Thursday, December 02, 2004

Lono's Great Innovator Award

The Lono's Great Innovator Award is given out not necessarily every day, but certainly any day an invention of such usefulness becomes salient to me and I am able to triumph in its use.

Today's award goes to a man who's philanthropic tendencies rival that of the great Oscar Schindler. I am speaking of course of the inventor of the snooze button - the quintessential pot of gold at the end of the altruistic rainbow.

My newest alarm clock features a luxury previously enjoyed only by heads of state and the wealthiest of the world's citizens. Now available to the masses and bettering lives one at a time, the nine-minute snooze is a testament that all men are not inherently evil. I'd say one person was so inherently good he became a beacon of hope to the minions of sleepers that felt five or seven minute snoozes were a travesty.

No other invention can single-handedly turn waking up into a marathon of three or four nine-minute intervals. Last night, in an attempt to leave my friends at the bar, I distinctly recall declaring this morning to be an "early" one, easily warranting my midnight departure. However, somewhere between the cab ride home and waking up this morning, my unconscious self and snooze button conspired against me to delay the inevitable until 8 am. Glorious. You know, every once in awhile I really have to hand it to my unconscious self. Every once in awhile he really comes through in the clutch. This morning was one of those times.

So here's hoisting one, first, to my unconscious self. Hoist the second higher and more proudly to the man who gave us the snooze button and, more specifically, the nine-minute variety snooze button. Hip Hip Hooray for this veritable Prometheus of sleep-time. Hip Hip Hooray!

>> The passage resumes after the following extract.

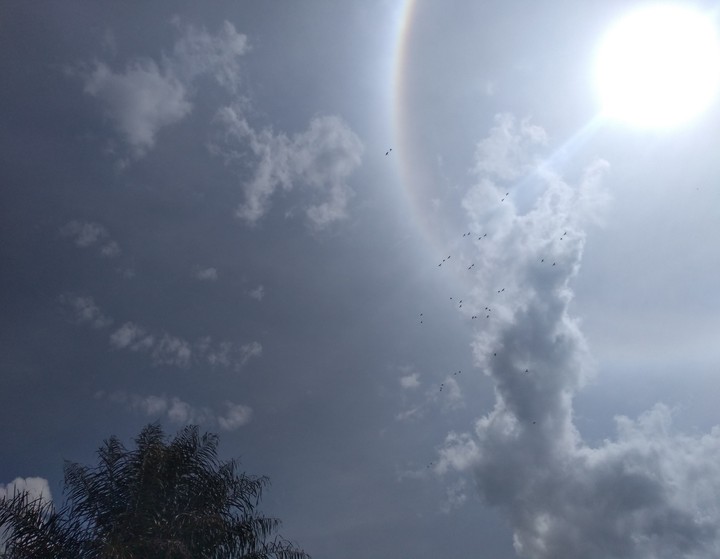 sol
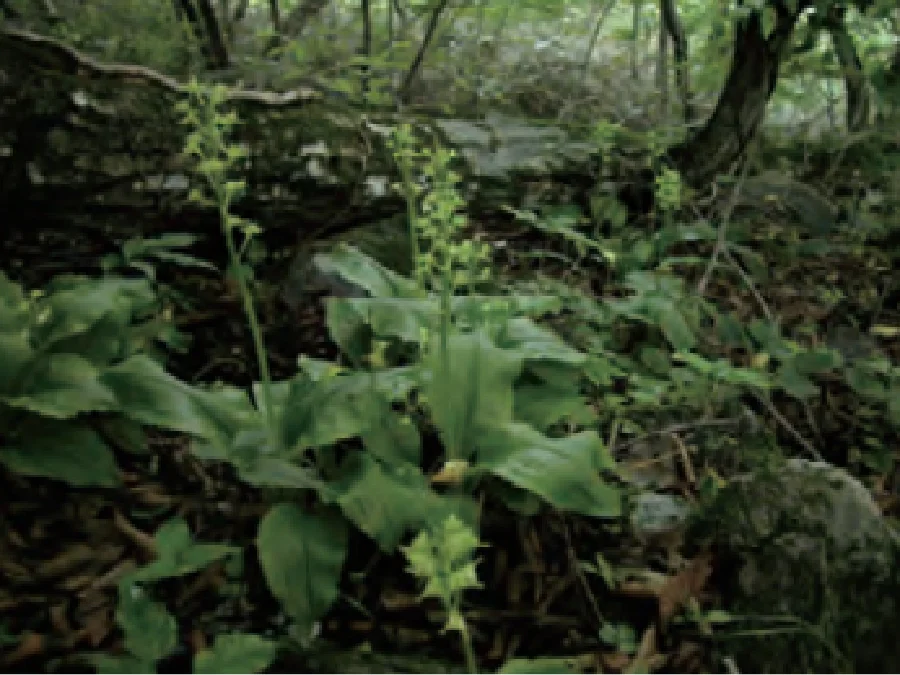 地上でくらすクモキリソウ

Wednesday, December 01, 2004

Woe is me...

...the humanities-minded person trying to fend for himself in setting up a goddamn blog. If only I'd spent more time on learning HTML and less time on BS and T&A, I might have a much cooler looking blog right now. Alas, I shall make due with none of the bells and whistles, nifty pictures, collages, or esoteric technological rigmarole that might grace the site of a blogger with a name like LinuxDude or HackFu. But LD never would have come up with a word like "rigmarole. " And that's where I've got him.

My pen is my only weapon, not an href or the always sharp <> dealies. I have no ability to wield those in any meaningful way. I wage war with multisyllabic incantations and pedantic declarations that'll make you wonder at my sanity, or lack thereof.

As I sit here, creatively bankrupt and firing on three mental cylinders, I realize that today was probably not the best day to bring my blog into this world. And for that very reason, it is the perfect day! Not really, but I thought that might add some extra ambiguity-laced suspense. I was wrong.